<<<<

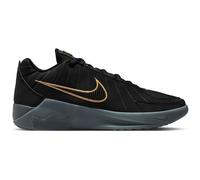 Nike LeBron Witness IX 40 Schwarz/Grau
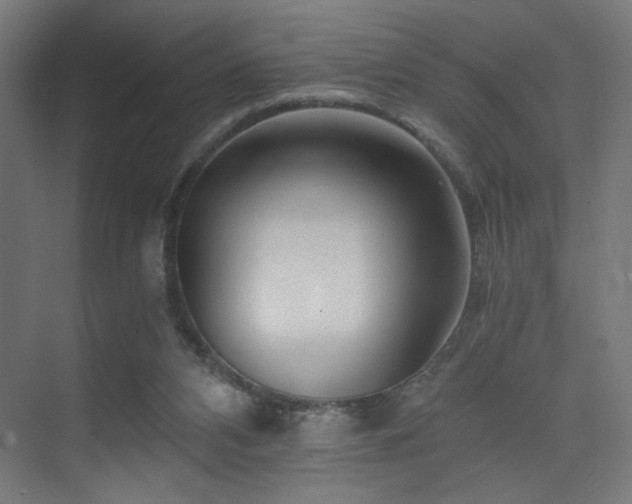 X0000075910112200609151439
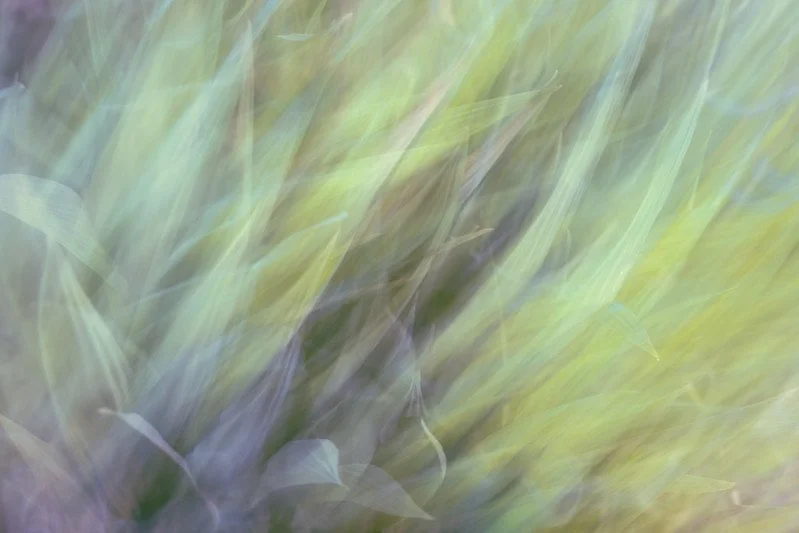 ICM Tinted Grasses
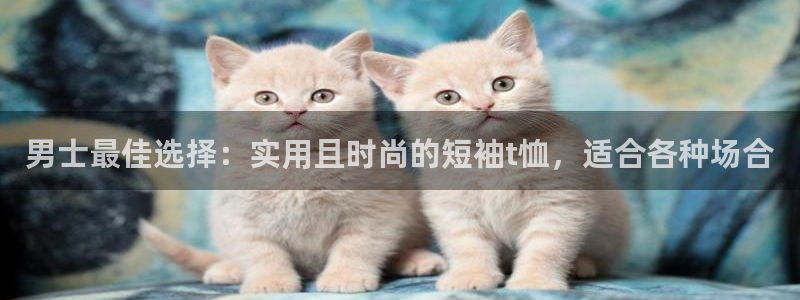 风速体育app官方下载：男士最佳选择：实用且时尚的短袖t恤，适合各种场合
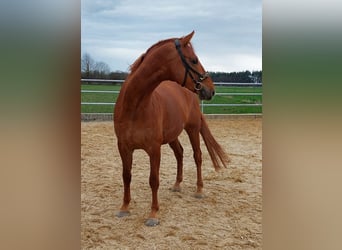 Caballo de deporte alemán, Caballo castrado, 6 años, 165 cm, Alazán-tostado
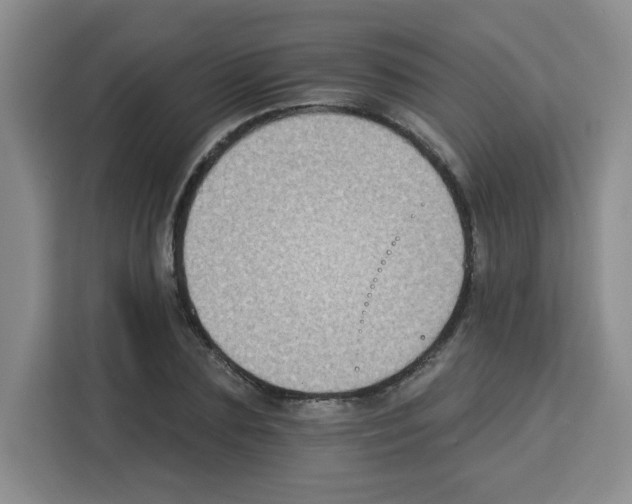 X0000113270883200910221057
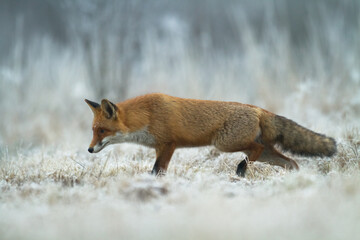 Fox Vulpes vulpes in autumn scenery, Poland Europe, animal walking among autumn meadow in amazing warm light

>>>>

» TASK GOAL
Pictures stay out of the copy. Reproduce exactly the lines from the one containing "X0000075910112200609151439" through the last line of the records above, both included.

» OUTPUT BELOW
 X0000075910112200609151439
 ICM Tinted Grasses
 风速体育app官方下载：男士最佳选择：实用且时尚的短袖t恤，适合各种场合
 Caballo de deporte alemán, Caballo castrado, 6 años, 165 cm, Alazán-tostado
 X0000113270883200910221057
 Fox Vulpes vulpes in autumn scenery, Poland Europe, animal walking among autumn meadow in amazing warm light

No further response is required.